Mindy Kaling could very easily be my best friend. (If she lived in my town and we ran in the same circles. Details.) She could very easily be many people’s best friend, I think, and that’s what makes her work. Her book, Is Everyone Hanging Out Without Me? (And Other Concerns), is relatable even without being familiar. She grew up a pop culture-obsessed, slightly brainiac child who had her fair share of social problems. Her anecdotes about her time spent with other writers and behind-the-scenes folk alone make this book worth reading (including her brushes with SNL in her early days).
She then made her way to The Office, which has been a golden ticket for almost everyone associated with it. She was an actress, writer, and sometimes-director on The Office before leaving to start her own show this year. Kaling, better known to some as the Ryan-obsessed Kelly Kippor on The Office, now has a new show of her own that is growing into its own, aptly titled The Mindy Project. Actually, let’s just call her Mindy. (Kaling is just too impersonal.)
She has a host of familiar faces on the show, some as regulars and some as guests (her Office co-star Ellie Kemper, aka Erin the Receptionist, showed up to confront her about their shared boyfriend in one episode; True Blood’s Anna Camp plays her best friend; The League’s Mark Duplass is a potential love interest).
She is filling a part of the niche Sex and the City opened up and left behind, the one where you can imagine yourself being one of the girls in the group, enjoying the rational thinking and irrational thinking, and all the space in between. (Although I must say that while enjoying Sex and the City reruns used to be a favorite pastime, I know am starting to realize how insane those four ladies really were. But that’s another blog post.) But the voice comes from a similar place, a place of knowing you are worth it. A place of knowing that it is possible to have a career, love, and fun clothes:
And while the styles are different: Carrie was lofty and not such a nose-to-the-grindstone type, while Mindy is honest and an ob/gyn, they are heading toward the same place. But a post-recession woman in the 21st century is more like Mindy, someone who doesn’t rely on anyone else to take care of her (literally or figuratively).
So have we moved away from the SATC aesthetic and philosophy and made our way to the more mature, more honest Mindy-type world? The one where people have families (where were any of their families, honestly, besides when they went to Miranda’s mom’s funeral?), and jobs, and, oh, I don’t know, things that get in the way of hanging out in the apartment all day and going to bars every night? (And they didn’t even have pets, aside from Miranda’s poor cat. Droid people. Anyway.)

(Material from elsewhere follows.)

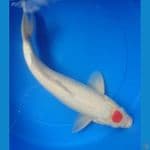 tanchi 39cm male original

Mindy’s show is growing with every episode, which is why it has taken me so long to voice an opinion about it, even to myself. The first few episodes were a little cliche, a little too rote to be enjoyable. And then somewhere along the way, as she started to introduce different characters, the show has come to life. (I am assuming she made the first few episodes on a shoestring budget as pilots and post-pilots to get the studio interested because her voice seems to be appearing quite quickly.) She even has an ongoing storyline where she is addressing the real-life hot button issue of homebirthing. (As M.D.s, she and her partners take it personally that the “midwives” as they call them have attempted to steal some of their patients. Danger, danger, Will Robinson.) So I love their little jabs back and forth about who is running a drug cartel and who isn’t an actual doctor. She also addresses casual sex and the pressures felt by Indian teenagers to impress their demanding parents.
As for her love life, which as a busy doctor she often laments, her partner, Dr. Castellano, is the obvious choice for her future husband for all the wrong and right reasons. Hopefully she will choose to keep them apart as long as possible, maybe even forever, so the show isn’t marred by abominable cliche:
But he’s already found a gorgeous eyepatch wearing girl that he met in the ER, so I think we are safe, at least in the short term. (Yes, pirate jokes were made. It’s OK, they were funny.)

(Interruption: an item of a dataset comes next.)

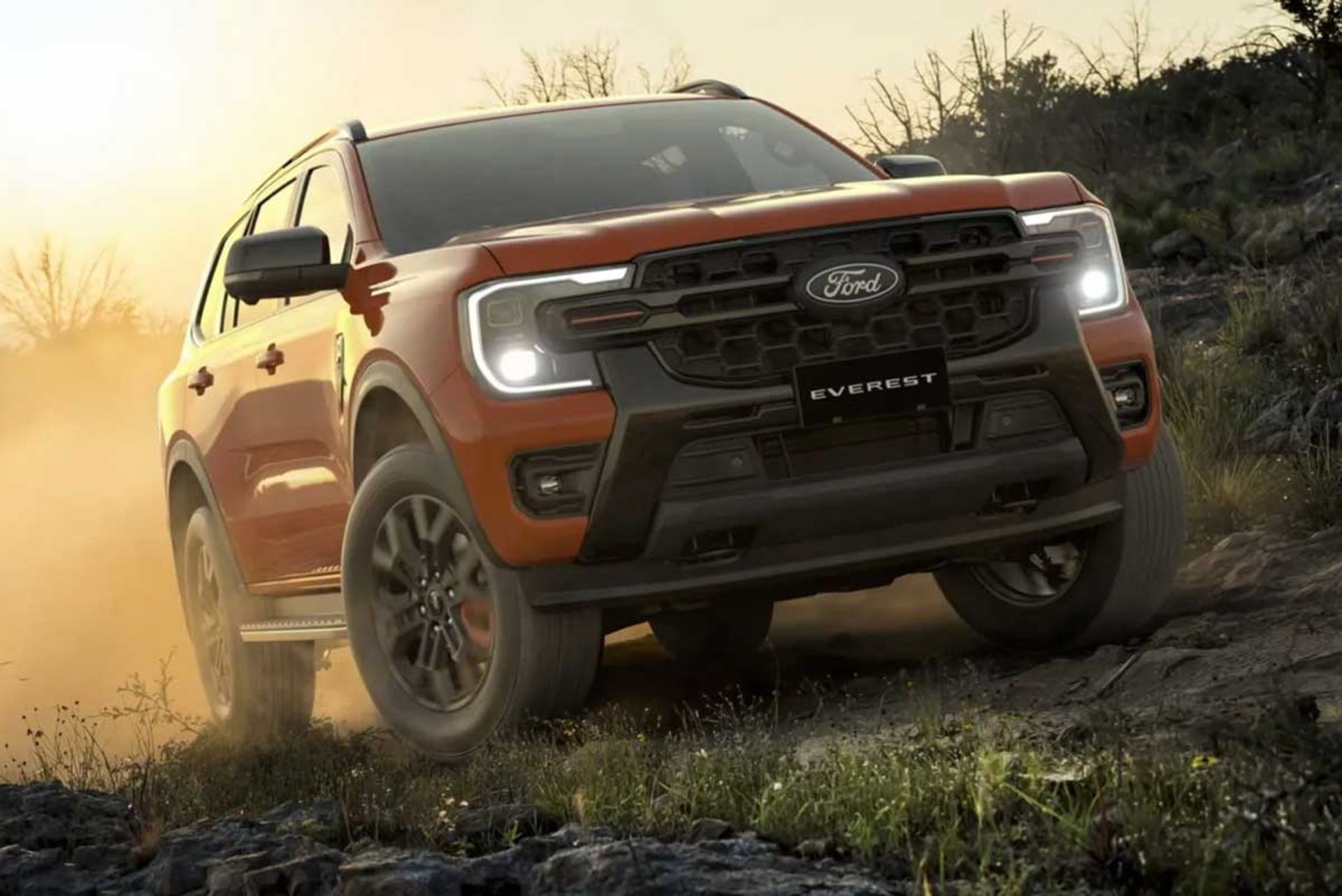 اورست وایلدترک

But what amazes me about Mindy Kaling the most is not the fact that she is the only Indian woman starring in her own TV show (that she also created) in America. What amazes me is that she is consistent about appearing as real and girl-next-door as possible. Being unrepentant about the extra 15 pounds she carries around in relation to the rest of Hollywood only adds to her appeal. So if this girl-next-door thing is a ploy, or just an image, she is really damn good at executing it.
So I’m going to keep buying it.
Thanks, Mindy, for telling those midwives who’s boss.